[Annotated photo localization data]
╔══

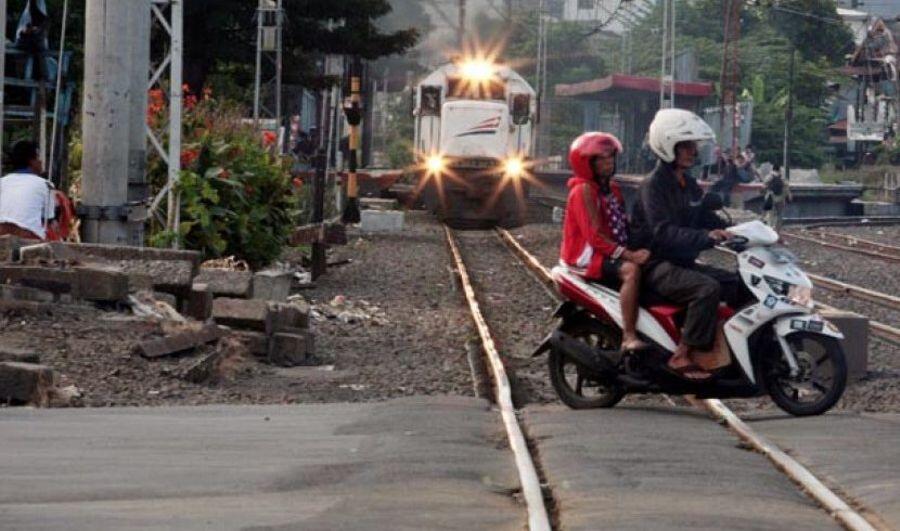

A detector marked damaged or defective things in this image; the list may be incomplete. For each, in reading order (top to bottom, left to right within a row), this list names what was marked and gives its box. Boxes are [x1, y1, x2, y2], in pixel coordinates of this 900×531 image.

broken concrete block [358, 209, 404, 232]
broken concrete block [185, 282, 214, 320]
broken concrete block [196, 270, 253, 300]
broken concrete block [213, 298, 272, 330]
broken concrete block [250, 272, 292, 302]
broken concrete block [266, 302, 312, 334]
broken concrete block [0, 344, 40, 366]
broken concrete block [135, 322, 225, 360]
broken concrete block [229, 332, 268, 358]
broken concrete block [268, 330, 312, 368]
broken concrete block [820, 312, 868, 382]
broken concrete block [0, 362, 55, 408]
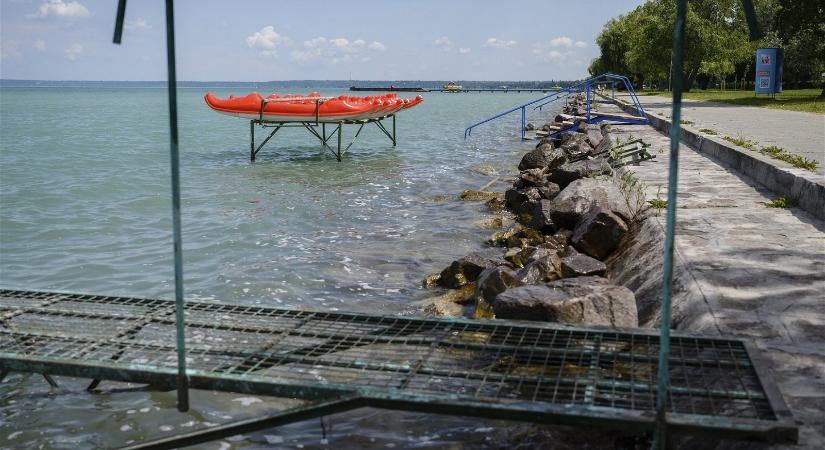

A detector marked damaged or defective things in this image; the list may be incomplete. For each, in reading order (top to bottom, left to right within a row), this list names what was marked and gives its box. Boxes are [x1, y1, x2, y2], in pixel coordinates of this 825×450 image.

╚══

> _DESCRIPTION OF THE TASK_
Once the pictures are set aside, write out the entries verbatim.

> _OUTPUT_
A detector marked damaged or defective things in this image; the list may be incomplete. For each, in reading order (top to bottom, left to right within a row), this list names what was marked and gives its box. Boxes are [x1, y1, x2, y2], in pixel coordinates of this 900×531 image.

broken concrete block [358, 209, 404, 232]
broken concrete block [185, 282, 214, 320]
broken concrete block [196, 270, 253, 300]
broken concrete block [213, 298, 272, 330]
broken concrete block [250, 272, 292, 302]
broken concrete block [266, 302, 312, 334]
broken concrete block [0, 344, 40, 366]
broken concrete block [135, 322, 225, 360]
broken concrete block [229, 332, 268, 358]
broken concrete block [268, 330, 312, 368]
broken concrete block [820, 312, 868, 382]
broken concrete block [0, 362, 55, 408]

A detector marked damaged or defective things in this image; the list may be incomplete. For each, in reading order (top to bottom, left to right within a row), this list names what was marked and gives its box. Boxes are [x1, y1, x2, y2], in pixel coordinates of this 825×450 image.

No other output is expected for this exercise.